Paul Menard, Almirola, David Ragan and Patrick are inside the top 16 in points, along with Truex and Mears, while those on the outside looking in so far include Jeff Gordon, Carl Edwards, Clint Bowyer and Greg Biffle. While that will likely change as teams catch on and catch up, it’s good for the sport and for its fans to have someone different in the spotlight. While perhaps the fans of the drivers doing unexpectedly well shouldn’t expect a rash of wins, it gives those fans hope that their favorites can have a better season, or that the same old drivers aren’t the only ones who might make a title run. If fans are bored with the same guys taking up the spotlight all the time, the new rules give a little hope that it won’t be that way every week. The sport needs a little diversity within its own ranks and this season has provided that.
4. Looking Ahead
Sure, Chase Elliott had a rough day in his Sprint Cup debut at Martinsville, finishing 38th. He’s certainly not alone. Consider his Hendrick Motorsports teammates, all successful racers in their own right, and their Cup debuts: Gordon crashed and finished 31st, Johnson also crashed and finished 39th, Dale Earnhardt Jr. finished three laps down in 16th and Kasey Kahne lost an engine and wound up 41st. His father, Bill Elliott, started his career with a 33rd-place run in an eight-race season that saw him running at the finish just twice and never on the lead lap. That puts Chase Elliott in good company; Bill Elliott is already in NASCAR’s Hall of Fame and Gordon and Johnson are certain first-ballot Hall of Fame drivers, while Earnhardt and Kahne have double-digit win totals. Elliott is already a champion in a national touring series and will step into a ride that’s proven.

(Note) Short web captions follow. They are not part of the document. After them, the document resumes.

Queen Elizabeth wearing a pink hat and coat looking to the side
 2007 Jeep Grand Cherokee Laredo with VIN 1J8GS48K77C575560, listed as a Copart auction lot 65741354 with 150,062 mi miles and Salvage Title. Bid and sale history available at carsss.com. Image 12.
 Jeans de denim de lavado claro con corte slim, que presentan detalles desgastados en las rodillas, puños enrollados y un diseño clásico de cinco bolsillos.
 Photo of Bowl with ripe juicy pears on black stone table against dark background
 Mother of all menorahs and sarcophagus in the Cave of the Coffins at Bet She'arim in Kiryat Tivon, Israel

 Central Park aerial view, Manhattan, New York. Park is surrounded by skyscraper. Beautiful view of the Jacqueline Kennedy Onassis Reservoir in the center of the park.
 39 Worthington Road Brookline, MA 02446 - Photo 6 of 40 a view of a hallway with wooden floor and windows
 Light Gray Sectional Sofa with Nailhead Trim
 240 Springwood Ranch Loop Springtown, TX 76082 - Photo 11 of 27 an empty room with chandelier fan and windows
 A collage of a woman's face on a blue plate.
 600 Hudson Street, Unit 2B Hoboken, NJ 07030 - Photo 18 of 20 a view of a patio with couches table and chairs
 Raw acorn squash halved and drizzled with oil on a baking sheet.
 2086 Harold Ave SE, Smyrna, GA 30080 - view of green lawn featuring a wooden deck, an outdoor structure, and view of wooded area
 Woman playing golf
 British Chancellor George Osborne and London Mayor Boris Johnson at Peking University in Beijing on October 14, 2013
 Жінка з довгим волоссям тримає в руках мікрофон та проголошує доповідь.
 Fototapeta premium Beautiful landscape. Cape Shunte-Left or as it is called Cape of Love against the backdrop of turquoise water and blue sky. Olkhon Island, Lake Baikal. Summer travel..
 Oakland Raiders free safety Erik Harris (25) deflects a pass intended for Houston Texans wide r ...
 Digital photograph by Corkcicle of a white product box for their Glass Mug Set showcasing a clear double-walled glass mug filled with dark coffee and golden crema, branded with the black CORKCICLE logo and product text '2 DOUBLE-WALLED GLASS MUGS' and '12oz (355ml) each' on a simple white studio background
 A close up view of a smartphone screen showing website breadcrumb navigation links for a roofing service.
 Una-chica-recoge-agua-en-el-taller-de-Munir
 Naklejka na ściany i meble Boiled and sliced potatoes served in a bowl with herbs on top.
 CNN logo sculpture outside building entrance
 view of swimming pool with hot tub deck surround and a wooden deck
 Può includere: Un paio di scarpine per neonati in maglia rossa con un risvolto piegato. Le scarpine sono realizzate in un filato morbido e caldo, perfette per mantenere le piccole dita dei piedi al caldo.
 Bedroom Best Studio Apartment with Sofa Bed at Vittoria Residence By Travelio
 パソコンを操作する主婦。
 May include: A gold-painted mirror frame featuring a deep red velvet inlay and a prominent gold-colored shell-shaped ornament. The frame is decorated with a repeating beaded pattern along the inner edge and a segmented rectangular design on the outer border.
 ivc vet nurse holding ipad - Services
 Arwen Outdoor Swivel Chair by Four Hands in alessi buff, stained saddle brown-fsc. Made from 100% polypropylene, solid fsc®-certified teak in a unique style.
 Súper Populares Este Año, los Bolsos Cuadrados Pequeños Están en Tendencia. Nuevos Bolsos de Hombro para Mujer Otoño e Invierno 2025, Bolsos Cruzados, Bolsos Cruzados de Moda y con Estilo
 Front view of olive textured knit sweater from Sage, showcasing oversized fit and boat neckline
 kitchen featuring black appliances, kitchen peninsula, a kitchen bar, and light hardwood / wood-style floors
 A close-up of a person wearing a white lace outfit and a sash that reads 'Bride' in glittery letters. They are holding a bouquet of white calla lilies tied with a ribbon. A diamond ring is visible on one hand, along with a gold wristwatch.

And Elliott doesn’t come alone. He’s one of several talented drivers entering the sport at just the right time. As the drivers who have been staples in the Sprint Cup Series for a decade and more begin to age, the new talent brings not only hope for the future but someone different for fans to get behind. People can debate the sport’s direction all day long, but it’s harder to dispute that there are always going to be talented drivers in those racecars, and that’s encouraging. Fans tend to get behind an individual driver, and that can keep them in the sport even if they don’t like the direction it’s taking.
5. And Looking Back
In the 1990s, you either loved Gordon or you couldn’t stand him. He was young, maybe a little too clean-cut and he won a lot. OK, he won all the damn time and that drove some fans nuts. But two decades later, Gordon will step down from the driver’s seat, and the final chapter in his career will be written. Anyone with a real interest in the sport and its deep history can appreciate Gordon’s place as one of the best ever to strap into the driver’s seat. Gordon sits third in all-time wins and is the only driver in the top three to have all of those wins within the sport’s modern era. He’s also fourth in Cup titles with four, though many would argue that the total would be higher if not for the introduction of the Chase – perhaps as high as the record of seven. He made it all look so easy, like he hadn’t earned it, and maybe that’s why so many fans didn’t like him in his heyday, though that isn’t true.
As Gordon steps away, race fans, whether they liked the driver during his career or not, will have a small void in the fabric of the sport. Seeing a driver as great as Gordon proved to be doesn’t happen often. When one comes along, he defines an era of the sport. His has been an era of controversy and change, but none of that should take away from his accomplishments. He’ll be missed, but the sport is better because of him, just as it has been made better by almost every driver who graced a racetrack. Gordon just graced the tracks with a little bit more than most.